特に、水道管の破損や水漏れのような緊急を要する事態が生じた場合、入居者から家賃の減額や賠償の請求が発生することが考えられるため、トラブルを未然に防ぐために事前の修繕が推奨されます。
最適なタイミングとして、マンションの空室期間、すなわち入居者の変動が生じる退去時を考慮すると良いでしょう。
退去の際には、管理会社による部屋の状態チェックが実施され、壁にできた穴や傷などの目立つダメージが確認されれば、その修繕費用が入居者に請求されることが一般的です。

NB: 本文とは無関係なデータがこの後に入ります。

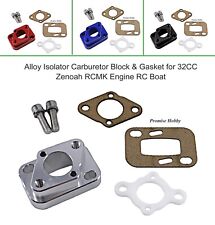 Blocco e guarnizione isolatore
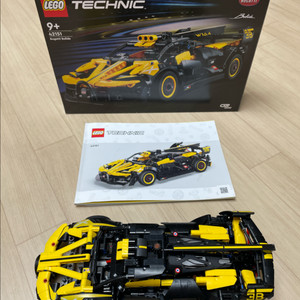 레고 테크닉 42187 레이싱카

主に敷金からの差し引きとして行われ、基本的な修繕を完了させた後に、物件の価値を向上させるためのリフォームや床材や壁紙の更新など、積極的に実施することが望ましいです。
入居者からのクレーム時
共有施設や設備の小規模な修理は、住民の日常生活に直結しており、速やかな対応が求められます。
例えば一棟マンションのオーナーとしては、「オートロックのドアが機能しない」などの不具合は、住民の安全や利便性を損ない、最悪の場合は退去の理由ともなり得ます。
重要な設備の故障を即座に特定し、対応する際には、入居者のニーズの高さを指標として活用すべきです。
近年、インターネット回線、宅配ボックス、インターホンなどの設備への依存度が高まっています。
これらは日常の生活や働き方、生活スタイルに直接影響する要素であり、高度な技術を必要とする機器も多いため、迅速な対応が必要です。
特定の設備、例えばインターネット回線やインターホンの問題は、プロバイダーやメーカーが主体となって対応することが一般的です。
しかし、マンション全体の配線等の問題が原因の場合、管理者の対応が必要となるため注意しましょう。
建築から10年程度経過時
不動産物件の修繕には、築10年目や12年ごとのサイクルが適切なタイミングとされます。
多くの大型設備、特にバス・トイレ・キッチンの保証期間は10年といわれているため、あらかじめ予定を組んでおきましょう。
この時期をリフォームや修繕の指標とするのが一般的です。
マンション投資の費用目安
マンション投資の費用はどれくらいかかるのでしょうか?
目安となる費用を解説するため、参考にしてください。
- 内装費用
- 水回りの費用
- 台所の費用
内装費用
物件の床の状態は、入居者の第一印象を大きく左右し、劣化した床は空室率の上昇の原因ともなり得るため、気になる際には張り替えを検討すべきです。
- フロアタイル:1平方メートルあたり約5,000円
- フローリング:1畳あたり3万円から6万円
- クッションフロア:1平方メートルあたり約3,000円
また、経年による劣化や前回の入居者の使用痕跡で壁が汚れている場合、クロスの張り替えで新鮮な印象を取り戻せます。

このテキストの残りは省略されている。